There are no words that could express how much I long to be inside you arms again.



Or just to be with you again.

To talk to you,
Laugh with you,
Sing with you,
Cook with you,
Sleep beside you.



You were so full of life.

So beautiful and so alive.
So happy with everything that's happening
Even though the Shit that is Cancer is eating your life away,
You still managed to smile, and happily live the remainder of your life.


I admire your strength so much.



You were like the candle.

Bright, warm and peaceful and you were never afraid to burn out in the end.
You were so selfless that you forgot to take care of yourself.


And I remember telling myself when I was thirteen that,

I wanted to be Just.Like.You.


I remember everything like they were all just yesterday.
The way you'd hurry fixing my hair in the morning every time we'd hear the school's flag ceremony. The long roads to the hospital for your chemotherapy. Oh, and the useless things we buy along the way too. Like the pens with duck feathers or the perfume bottles that looked fancy but smelled weird.
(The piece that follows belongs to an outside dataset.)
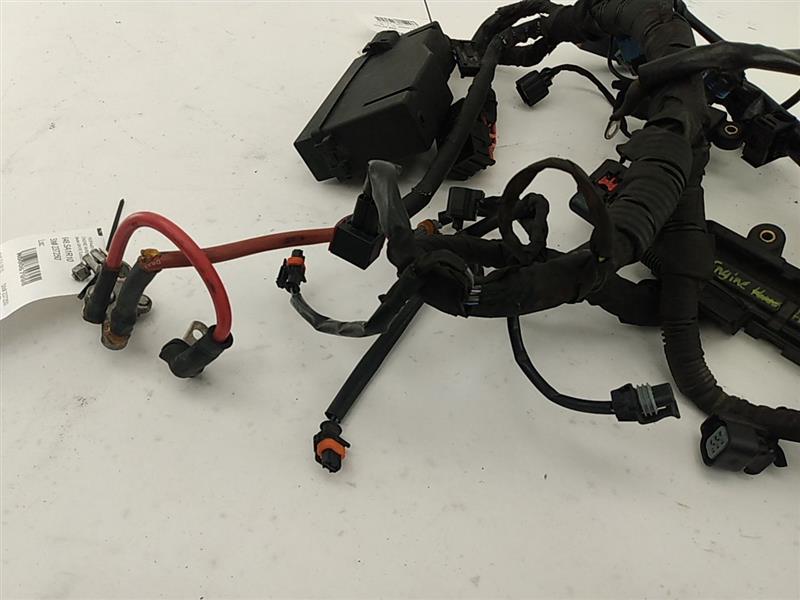 Saab 9-3 Engine Wiring Harness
I'd like to believe that I got my quirkiness from you even though I've only witnessed some of it.

I long for the day that I would get to see you again.
I wanted to and believe me when I say that the thought of being where you are,



Has crossed my mind more that a hundred times.
I wanted to leave this empty, wretched place and be with you again.



But I can't.



I know you won't ever forgive me for that.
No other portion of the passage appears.